I also had the opportunity to reconnect with Paula Marie Seniors, who actually told me about the conference some months ago. Although Seniors did not present at the conference, I want to give her a shout-out because she is a dope scholar and an active booster of Black women’s work. We spent some time over a long breakfast on Sunday discussing our work, the academy, publishing, and so much more. Her book, Beyond Lift Every Voice and Sing: The Culture of Uplift, Identity, and Politics in Black Musical Theater. Beyond Lift Every Voice, is for me, an important work on the construction of a Black theater tradition. It’s helping me to think through my own work on performances of “Lift Every Voice and Sing”; and it is giving me a great foundation to understand the work of James Weldon Johnson, J. Rosamond Johnson, and Bob Cole, alongside Shana Redmond’s Anthem, and the much-anticipated cultural history of “Lift Every Voice and Sing” by Imani Perry (I. Cannot. Wait.)

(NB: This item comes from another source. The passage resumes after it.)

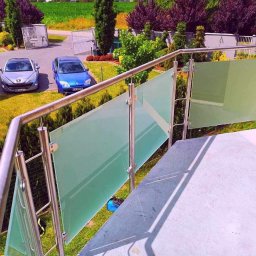 Prosto z projektu Kamil Gąsiorowski - Szklana balustrada z nierdzewną poręczą na schodach zewnętrznych, w tle dwa samochody i brama wjazdowa.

Seniors’s work is quite far-ranging, but is also centered around Black women and activism in various forms; I found her essay, “Mae Mallory and ‘The Southern Belle Fantasy Trope’ at the Cuyahoga County Jail, 21st and Payne/“Pain” in From Uncle Tom’s Cabin to The Help: Critical Perspectives on White-Authored Narratives of Black Life, which alerts to us to important aspects of Black women’s protest work that frequently do not get revealed. I am looking forward to her forthcoming book on Mae Mallory: African American Women Radical Activists (1958-1987): Mae Mallory, the Monroe Defense Committee, and World Revolutions.
As we discussed this piece of history on Sunday over breakfast, I became quite excited to see the full picture painted.